» **Prompt**: Nothing but the lines below from the one containing "Tav, i costruttori" through the one containing "TWICE トレカ エンタメ/ホビーのタレントグッズ(アイドルグッズ)の商品写真" should appear in the answer, exact and without pictures.

Crawled caption data

-------------------------

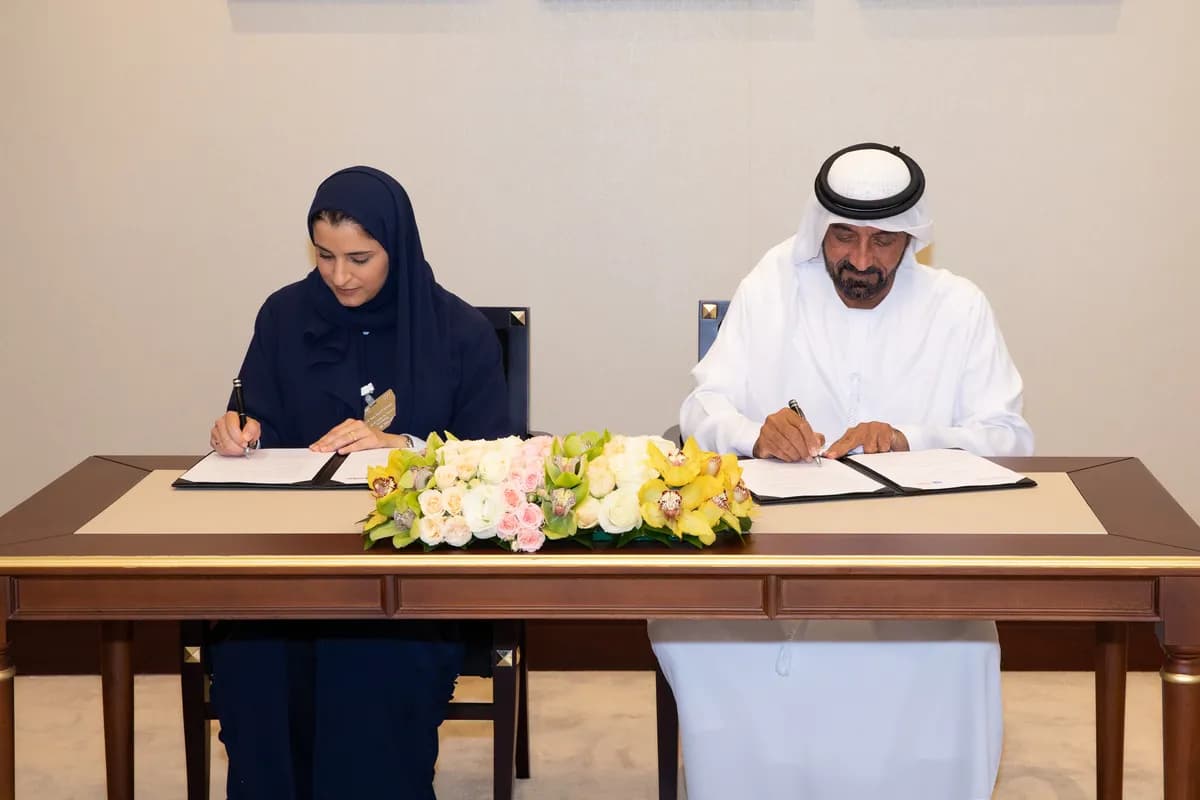 معرض دبي للطيران يوقع مذكرة تفاهم مع وكالة الإمارات للفضاء 2_ssict_1200_800
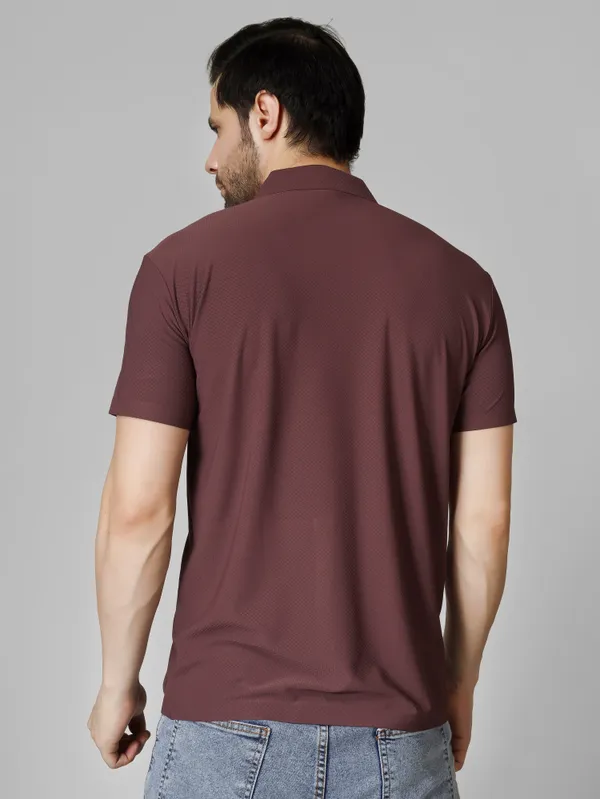 Maroon_stichless_nylon_Spread_Collar_T_Shirt_For_Men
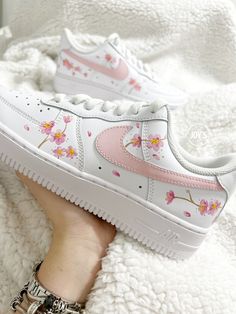 Paint For Shoes, Air Force 1 Sneakers, Custom Shoes Diy, Nike Design, Nike Shoes Girls, Nike Fashion Shoes, Pretty Shoes Sneakers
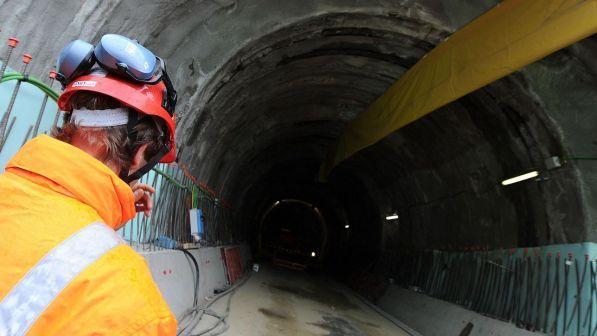 Tav, i costruttori avvisano: "Se Roma ferma l'opera paga penali milionarie"
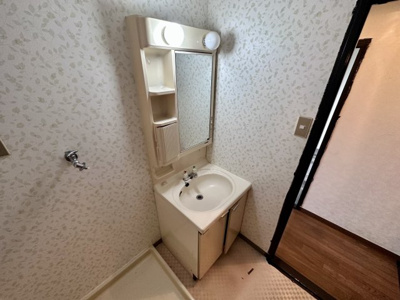 【洗面所】 | サンルミエール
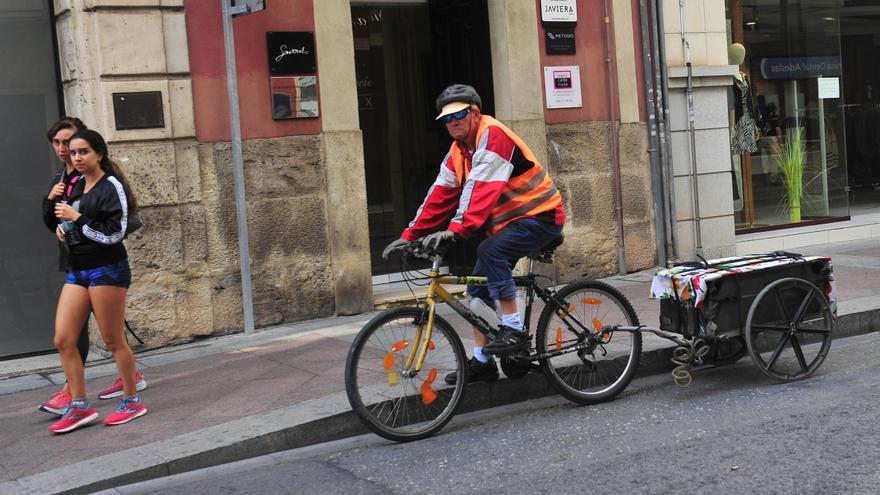 Comercios del centro de Elche harán descuentos por ir en bicicleta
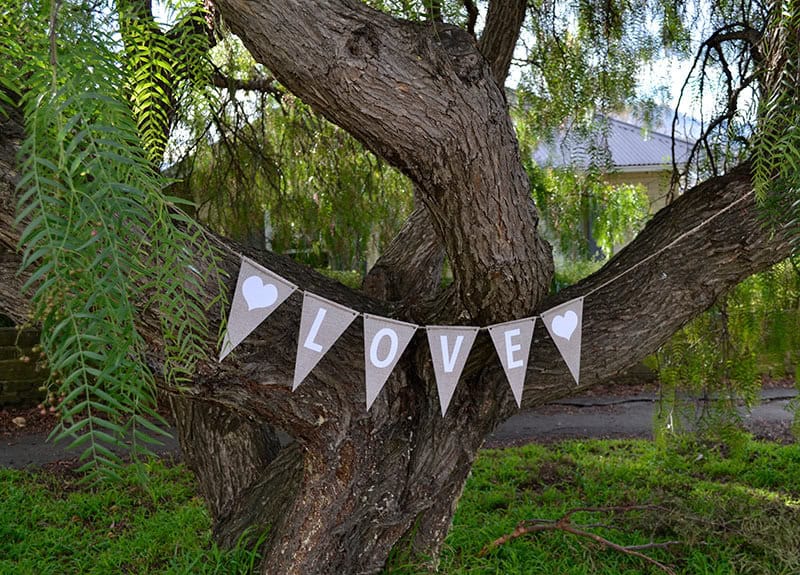 LOVE Wedding/Valentines Banner 22 Lovely Valentine's Day Garland Designs (17)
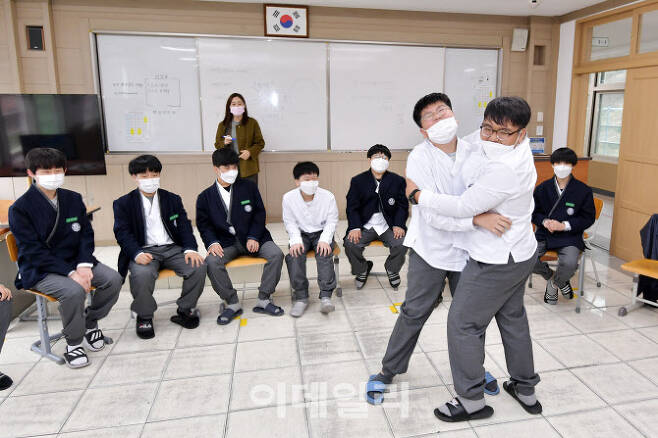 경북 예천 대창중 학생들이 한복교복을 입고 연극수업에 참여하고 있다(사진=문체부)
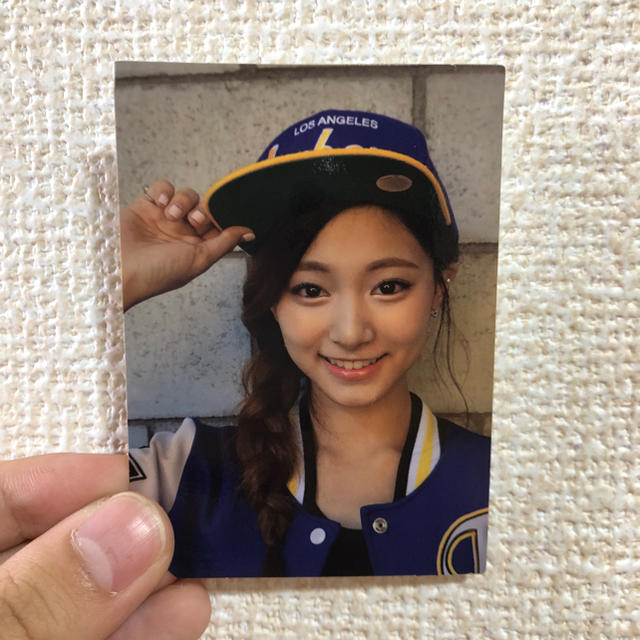 TWICE トレカ エンタメ/ホビーのタレントグッズ(アイドルグッズ)の商品写真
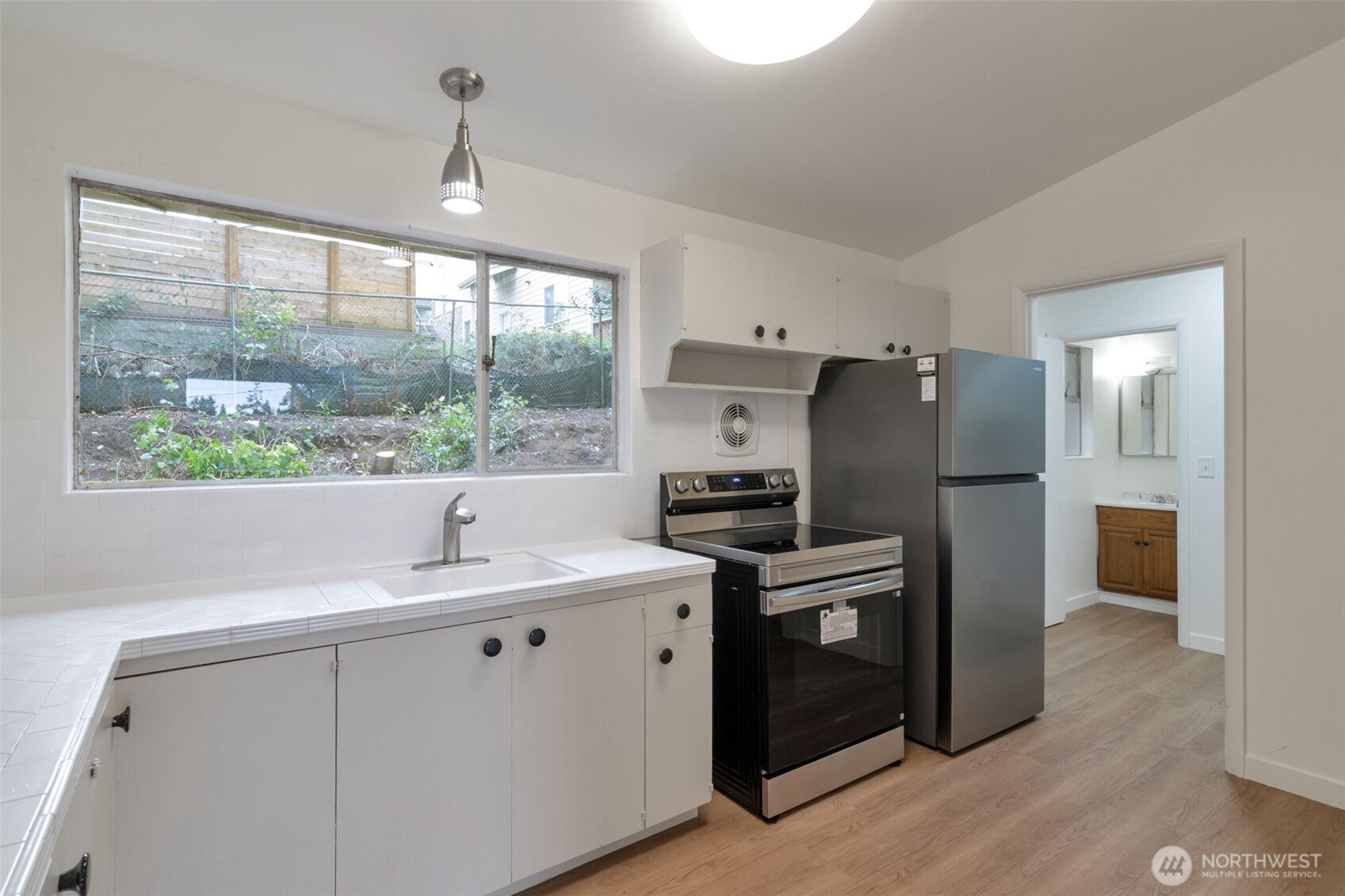 15269 Densmore Avenue N, Shoreline, WA 98133-6305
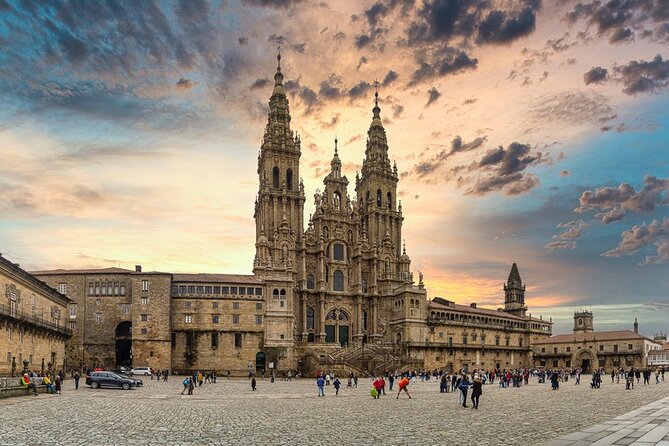 Secrets of Santiago de Compostela: Private Self-Guided Audio Tour - Reading the symbols around Immaculate Square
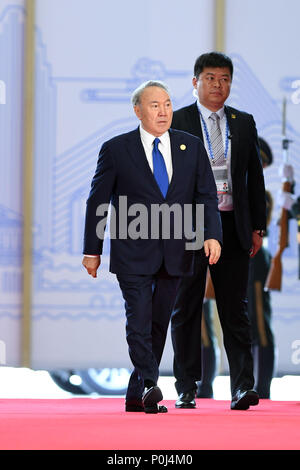 (180610) -- QINGDAO, 10 juin 2018(Xinhua) -- Le président kazakh Nursultan Nazarbayev (avant) arrive pour une session de la 18e Organisation de coopération de Shanghai (OCS) qui se tiendra à Qingdao, province du Shandong, Chine orientale, le 10 juin 2018. Le SCO est conforme à l'esprit de Shanghai qui dispose d'une confiance mutuelle, les avantages réciproques, l'égalité, la consultation, le respect de diverses civilisations et la poursuite d'un développement commun. (Xinhua/Liangkuai Jin) (mp) Banque D'Images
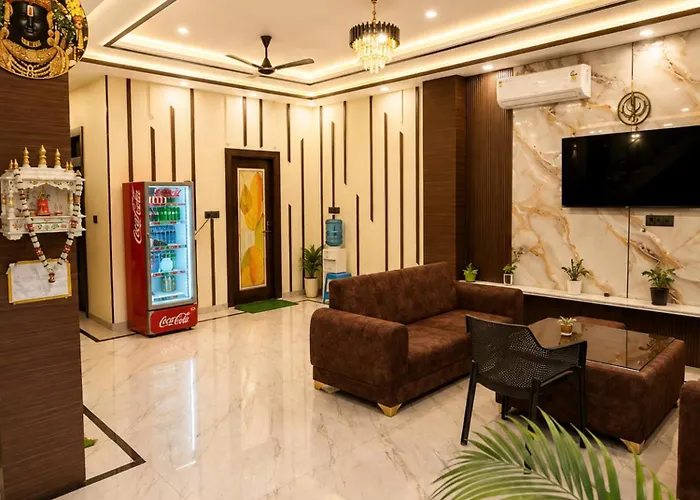 Hotel Royal Prabh Aasra Near Shree Ram Mandir Ayodhya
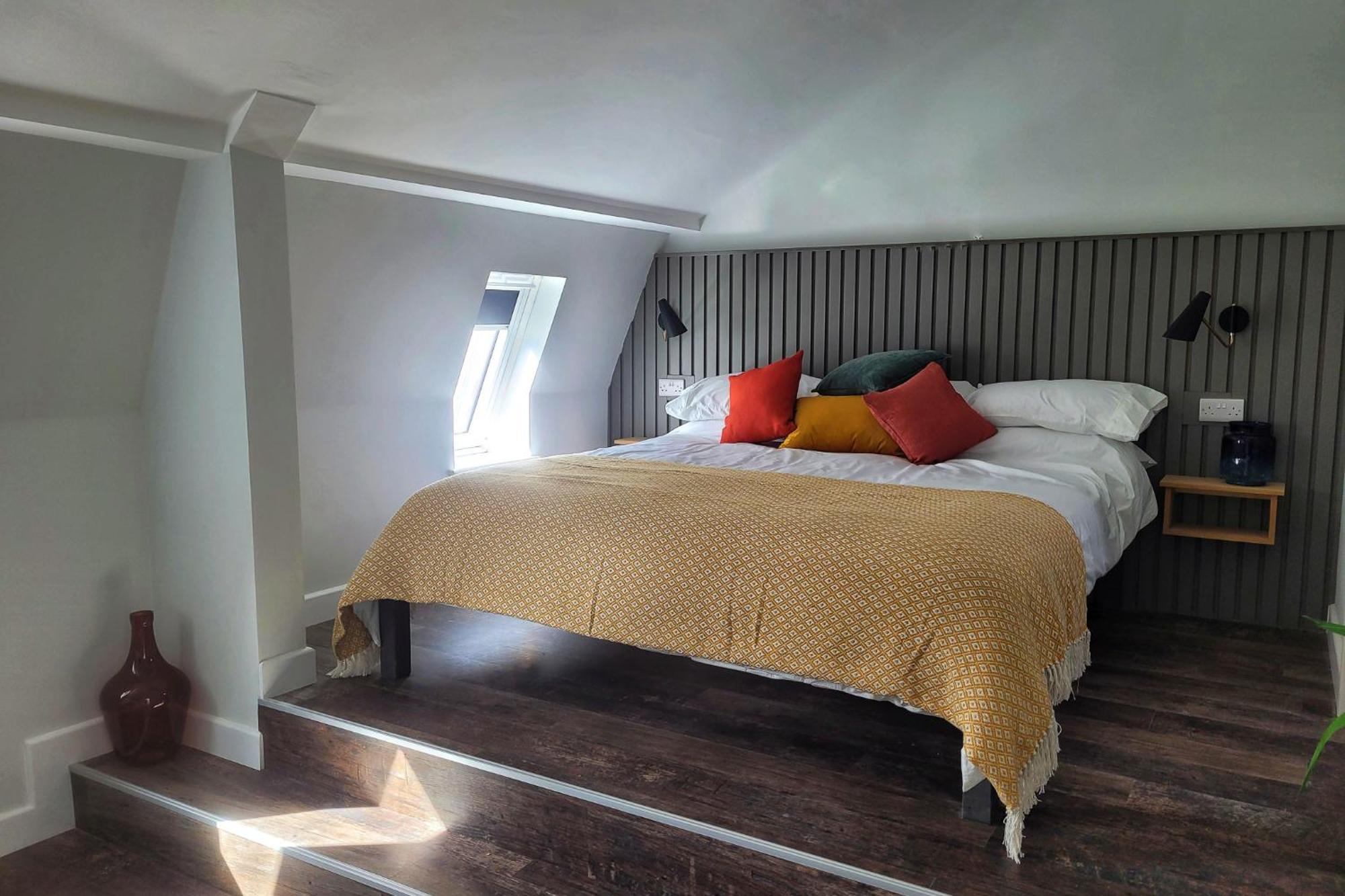 Sgwar Hotel Menai Bridge Bagian luar foto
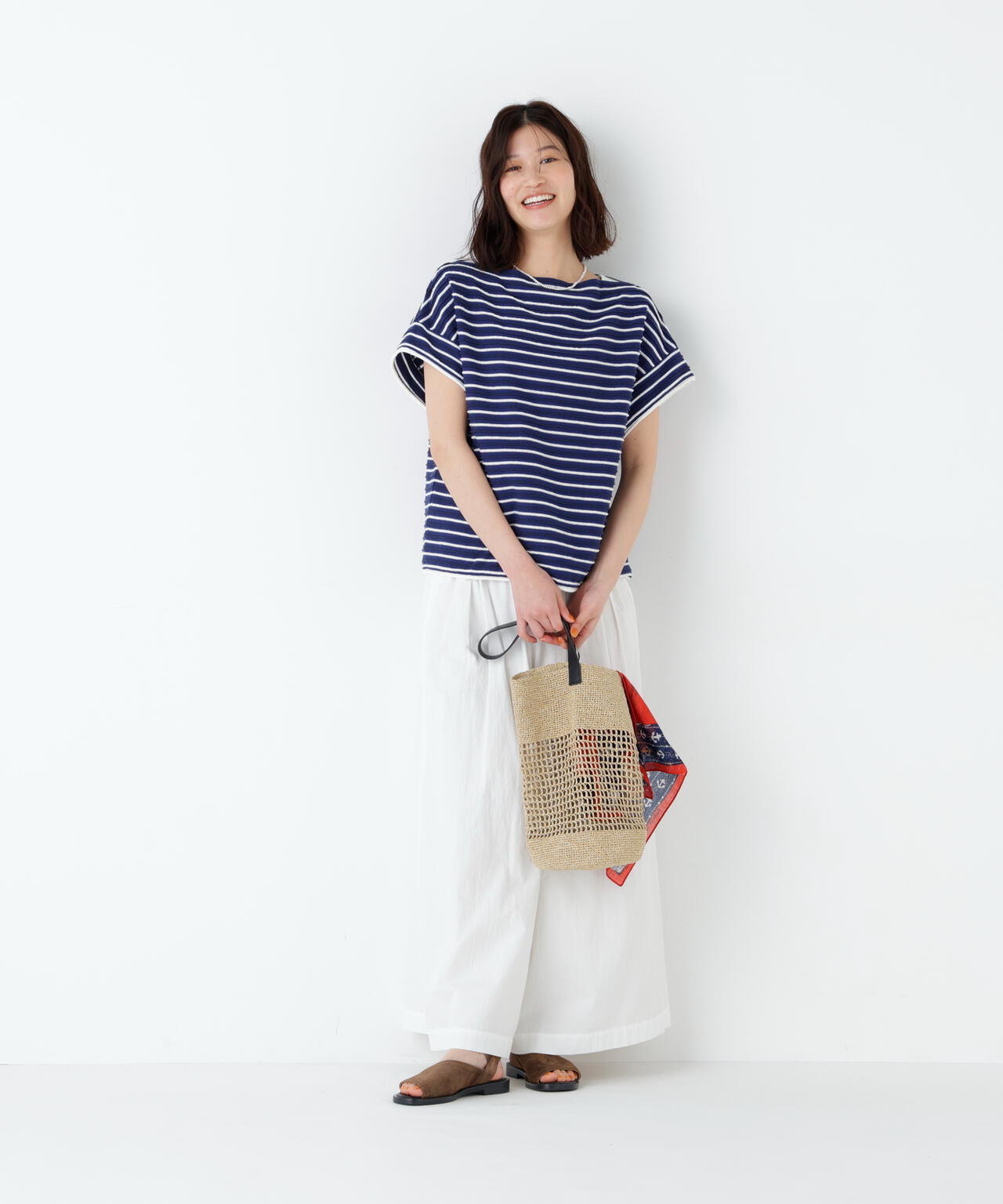 身長168cm B82 W59 H88 着用サイズ:M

-------------------------

» **Finished exercise**:
 Tav, i costruttori avvisano: "Se Roma ferma l'opera paga penali milionarie"
 【洗面所】 | サンルミエール
 Comercios del centro de Elche harán descuentos por ir en bicicleta
 LOVE Wedding/Valentines Banner 22 Lovely Valentine's Day Garland Designs (17)
 경북 예천 대창중 학생들이 한복교복을 입고 연극수업에 참여하고 있다(사진=문체부)
 TWICE トレカ エンタメ/ホビーのタレントグッズ(アイドルグッズ)の商品写真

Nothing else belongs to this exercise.